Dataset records
'''

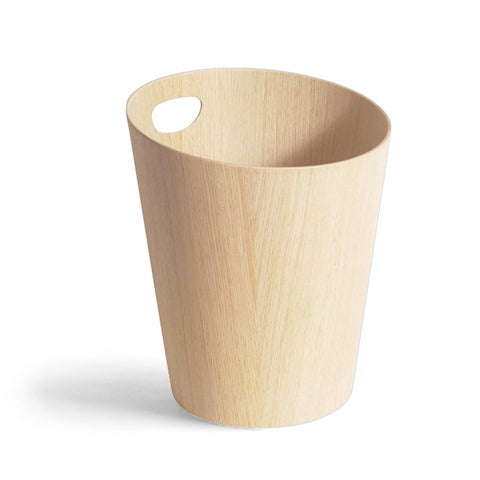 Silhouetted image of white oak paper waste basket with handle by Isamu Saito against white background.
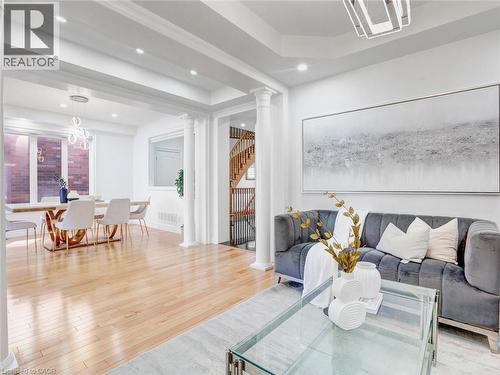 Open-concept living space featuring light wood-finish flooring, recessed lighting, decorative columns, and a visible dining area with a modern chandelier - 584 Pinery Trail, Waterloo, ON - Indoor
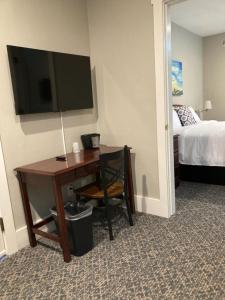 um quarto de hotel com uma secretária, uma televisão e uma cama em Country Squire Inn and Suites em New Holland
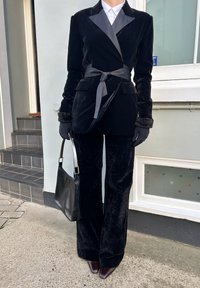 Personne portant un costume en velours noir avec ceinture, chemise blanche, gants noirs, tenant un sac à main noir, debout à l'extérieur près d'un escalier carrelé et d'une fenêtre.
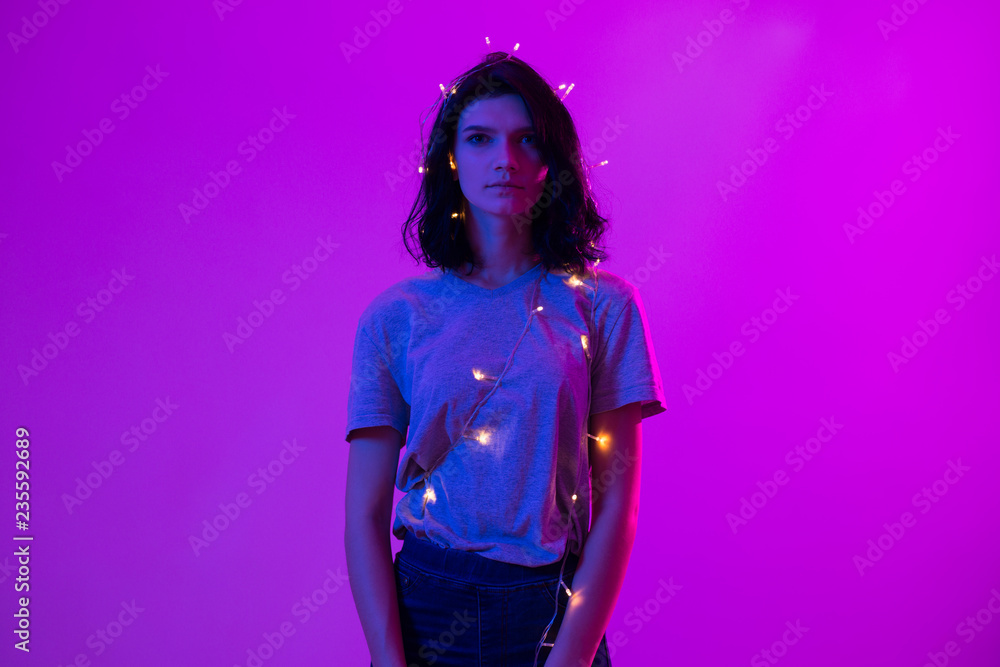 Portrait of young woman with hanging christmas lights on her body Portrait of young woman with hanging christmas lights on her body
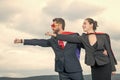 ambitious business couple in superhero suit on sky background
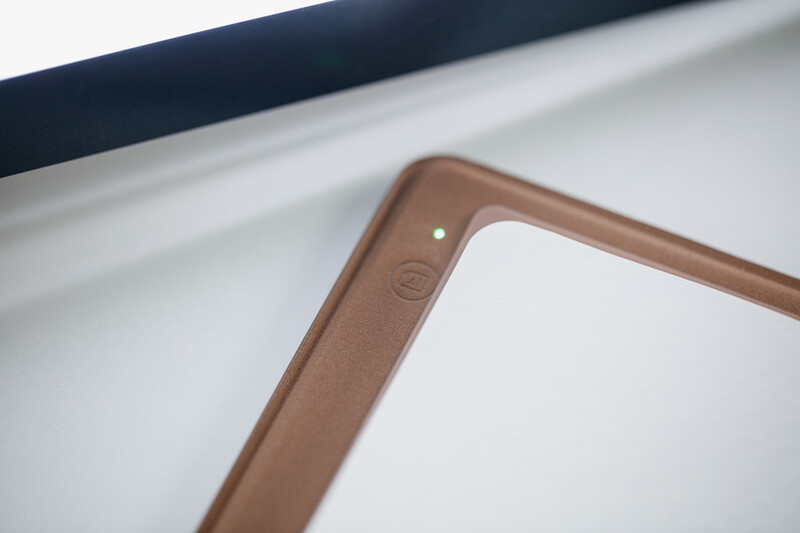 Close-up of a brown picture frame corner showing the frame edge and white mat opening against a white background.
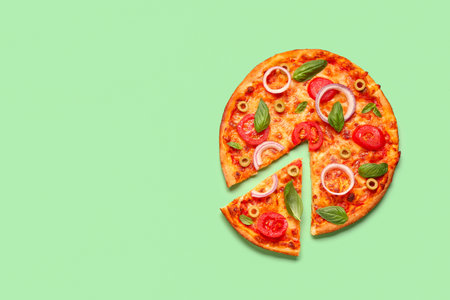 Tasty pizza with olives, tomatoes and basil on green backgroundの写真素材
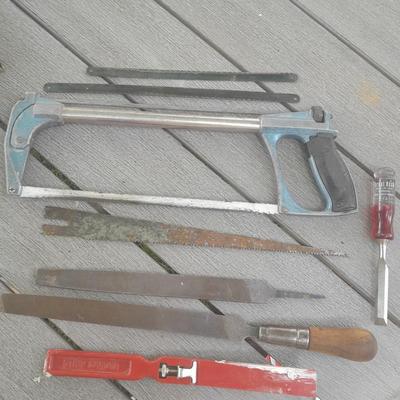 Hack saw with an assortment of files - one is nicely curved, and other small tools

'''

GOAL OF THE EXERCISE:
Please quote exactly the run of lines that starts the entries and ends at the line containing "Personne portant un", leaving out every picture.

SOLUTION TO THIS TASK:
 Silhouetted image of white oak paper waste basket with handle by Isamu Saito against white background.
 Open-concept living space featuring light wood-finish flooring, recessed lighting, decorative columns, and a visible dining area with a modern chandelier - 584 Pinery Trail, Waterloo, ON - Indoor
 um quarto de hotel com uma secretária, uma televisão e uma cama em Country Squire Inn and Suites em New Holland
 Personne portant un costume en velours noir avec ceinture, chemise blanche, gants noirs, tenant un sac à main noir, debout à l'extérieur près d'un escalier carrelé et d'une fenêtre.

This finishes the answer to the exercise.